Tabs on Tallahassee documentation¶
Contents:
Developing¶
Tabs on Tallahassee (ToT) is a Django application powered by the Open Civic Data specification.
- Development requires:
Python 3.4 or 3.5 (w/ virtualenv/pip)
PostgreSQL 9.4 w/ PostGIS
git
- a relatively recent version of poppler utils for
pdftotext
- on OSX:
brew install poppler
- on Ubuntu:
apt-get install poppler-utils
- on OSX:
- a relatively recent version of poppler utils for
Getting Started¶
Create a new virtualenv:
$ pyvenv tot -p `which python3`
Within this virtualenv install the requirements:
(tot)$ pip install -r requirements.txt
Create a Postgres DB (default name is “opencivicdata” w/ a user named “pupa” w/ password “pupa”, this is fine for development but be sure to change these settings for deployment.
Initialize the database:
(tot)$ pupa dbinit us # loads OCD / pupa setup for United States jurisdictions (tot)$ ./manage.py migrate # run remainder of database migrations (tot)$ ./manage.py loadshapefiles # load shapefiles from shapefiles/ directory (tot)$ ./manage.py loadmappings us # create mappings from FL districts to shapefiles
At this point it should be possible to run the scraper:
(tot)$ pupa update fl people bills session=2016
You can also run other sessions too:
(tot)$ pupa update fl bills session=2015A
At this point you’re good to go, you can run the Django dev server in the typical way:
(tot)$ ./manage.py runserver
A Functional Database¶
Setting up a full database w/ all of the data is time-consuming and in theory only needs to be done once.
A “clean” database has been created w/ the following steps:
(tot)$ pupa dbinit us
(tot)$ ./manage.py migrate
(tot)$ ./manage.py loadshapefiles
(tot)$ ./manage.py loadmappings us
(tot)$ ./manage.py loaddata fixtures/*.json
(tot)$ pupa update fl people
(tot)$ pupa update fl bills session=2015
(tot)$ pupa update fl bills session=2015A
(tot)$ pupa update fl bills session=2015B
(tot)$ pupa update fl bills session=2016
# TODO: 204, 2015C, 2016
Using Docker¶
It’s also possible to use docker-machine to run a development server.
To run a dev environment w/ Docker:
$ docker-machine create --driver virtualbox --virtualbox-memory "2048" tot
$ eval $(docker-machine env tot)
$ docker-compose up
$ open http://$(docker-machine ip tot):8000
Directory Layout¶
The ToT source code consists of:
- ansible/
- Ansible deployment playbook
- docs/
- The sphinx source for these docs.
- fixtures/
- Django fixtures used to initialize an empty database.
- shapefiles/
- Florida district shapefiles from Census.gov, current as of 2015.
- static/
- Static assets (css, javascript)
- templates/
- All Django templates for the website.
- fl/
- A Pupa 0.5 compatible scraper for Florida’s legislature.
- api/
- Django application powering the API.
- bills/
- Django application powering the bill list/detail views.
- glossary/
- Django application powering the glossary functionality.
- legislators/
- Django application powering the legislators list/detail views.
- preferences/
- Django application for ToT user preferences.
- tot/
- Project settings/wsgi app/etc.
Additional Notes¶
This project was developed against:
- opencivicdata-django 0.8.2
- opencivicdata-divisions-2015.4.21
- pupa 0.5.2
- represent-boundaries 0.7.4
- Django 1.9
- djangorestframework 3.3.0
- django-cors-headers 1.1.0
- whitenoise 2.0.4
- lxml 3.4.4
- Markdown 2.6.2
- django-registration @ f1a8c0
- rest_framework_json_api @ d217ba
Many of these libraries were under active development at the time of writing and significant changes may have occurred.
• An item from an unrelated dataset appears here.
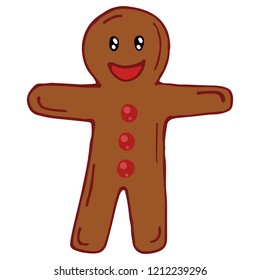 Christmas traditional man cookie  Christmas gingerbread man isolated  Vector doodle illustration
Before upgrading any libraries be very careful to ensure that they don’t introduce breaking changes.
Deployment¶
A complete ansible deployment plan is provided in the ansible/
directory.
It assumes a clean Ubuntu host (tested w/ 15.04) that’ll be used exclusively for hosting ToT. That said it makes a best effort to be self-contained and not do anything unnecessary system-wide, but is untested in a shared hosting environment.
- The basics of deployment are (see
tot/tasks/main.yml
for detail): - installs necessary system-wide packages
- creates a new user
tot
w/ a homedir of/home/tot
- checks out latest source to
/home/tot/src/tot
- builds a virtualenv in
/home/tot/virt/
- installs tot entries for uwsgi and nginx
- writes a
/home/tot/run-scrapers.sh
script and installs a cron job that calls it at regular intervals
This means a homedir that looks something like:
~tot
|
+-- data - directory containing uwsig sock files
+-- logs - uwsgi, nginx, and scraper logs
+-- src/tot - checkout of project
+-- virt - virtualenv
+-- _data - scraper data directory from last run
+-- _cache - scraper cache directory
EC2 Deployment¶
Configure SES¶
SES should be configured to send emails to registered users.
- Within the AWS Console select SES -> Identity Management -> Domains
- Add desired domain, console will give instructions on adding DNS entries
- After adding DNS entries domain should show up as verified, be sure to enable DKIM.
Despite verification at this point you can only send emails to verified email addresses.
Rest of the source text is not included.